Car, les décideurs pouvaient comprendre qu’il fallait agir dans deux directions. La première consiste à structurer le marché de la presse de manière à lui assurer une réelle immunité par un dispositif juridique et opérationnel digne d’une démocratie : des pans entiers de l’activité médias comme la publicité ou encore la mesure d’audience pour l’audiovisuel mais aussi pour la presse écrite et digitale ne sont pas assez encadrés par des textes ; des textes vétustes ou incomplets lorsqu’ils ne sont pas inexistants. Mais également par la création de structures qui régulent la totalité du marché (comme une Commission paritaire des publications ou une autorité de régulation de la publicité).
Sans oublier la nécessité de revoir et de corriger des textes existants comme celui ayant créé la Haute Autorité Indépendante de l’Audiovisuel (HAICA), qui constitue somme toute une avancée, et de mettre en place des dispositifs de gestion moderne comme la médiation, l’innovation et la qualité. Faut-il insister sur le fait que nous attendons toujours une loi sur l’audiovisuel et un texte qui apporte les éclairages juridiques de l’Instance de la communication audiovisuelle ?

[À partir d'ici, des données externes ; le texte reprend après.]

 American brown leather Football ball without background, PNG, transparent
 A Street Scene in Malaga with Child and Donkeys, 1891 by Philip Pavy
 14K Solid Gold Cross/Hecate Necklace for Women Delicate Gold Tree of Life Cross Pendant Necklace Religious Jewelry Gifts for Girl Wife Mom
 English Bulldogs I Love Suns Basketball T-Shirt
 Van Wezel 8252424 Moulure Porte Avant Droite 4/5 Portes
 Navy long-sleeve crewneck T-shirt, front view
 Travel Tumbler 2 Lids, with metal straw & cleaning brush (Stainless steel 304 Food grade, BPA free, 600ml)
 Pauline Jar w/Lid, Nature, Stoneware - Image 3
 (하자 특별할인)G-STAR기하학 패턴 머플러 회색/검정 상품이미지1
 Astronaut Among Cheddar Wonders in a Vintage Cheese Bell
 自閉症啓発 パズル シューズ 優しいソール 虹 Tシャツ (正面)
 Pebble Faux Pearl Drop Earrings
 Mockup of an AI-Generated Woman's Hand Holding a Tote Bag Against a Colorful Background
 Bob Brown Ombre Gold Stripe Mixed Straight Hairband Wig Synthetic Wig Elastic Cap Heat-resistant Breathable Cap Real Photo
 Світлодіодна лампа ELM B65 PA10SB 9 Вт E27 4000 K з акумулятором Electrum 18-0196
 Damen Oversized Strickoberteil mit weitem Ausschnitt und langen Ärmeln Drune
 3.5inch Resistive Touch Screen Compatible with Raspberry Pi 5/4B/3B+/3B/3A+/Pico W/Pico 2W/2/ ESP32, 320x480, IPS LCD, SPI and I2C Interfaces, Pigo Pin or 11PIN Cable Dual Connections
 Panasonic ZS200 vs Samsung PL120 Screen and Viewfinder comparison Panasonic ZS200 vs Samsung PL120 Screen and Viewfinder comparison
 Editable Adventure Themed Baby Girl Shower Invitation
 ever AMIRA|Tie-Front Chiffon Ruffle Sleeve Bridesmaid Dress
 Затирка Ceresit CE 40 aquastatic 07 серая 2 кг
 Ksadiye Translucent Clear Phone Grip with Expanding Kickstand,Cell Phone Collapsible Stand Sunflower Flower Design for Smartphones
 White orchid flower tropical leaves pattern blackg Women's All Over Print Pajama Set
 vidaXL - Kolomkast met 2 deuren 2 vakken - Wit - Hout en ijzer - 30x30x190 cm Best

La seconde consiste, pour sa part, à mettre en place un dispositif d’aides à la presse présent dans toutes les démocraties. Nous le répéterons pas assez, là aussi, cette aide n’est pas une faveur. Mais une mesure pour asseoir une société plurielle. L’article 31 de la constitution de janvier 2014 écrit noir sur blanc que l’Etat est le garant des « libertés d’opinion, de pensée, d’expression, d’information et de publication sont garanties ».
Et inutile de préciser que les réformes ne peuvent qu’asseoir des règles de jeu transparentes et proactives afin de que les médias –excusez du terme- ne tendent pas la main facilement au premier venu pour servir en définitive d’autres causes que celle de l’information et du lecteur. Et ne soit pas –le moins qu’on puisse dire- d’une manière aussi incommodante un centre des enjeux politiques et autres d’une société.
Il faudrait cependant terminer peut-être ces quelques lignes en formant l’espoir que le nouveau Chef du gouvernement, Hichem Mechichi, qui a reçu des représentants des médias, lors de ses consultations pour la constitution de son gouvernement, ait sa petite idée pour renverser la vapeur.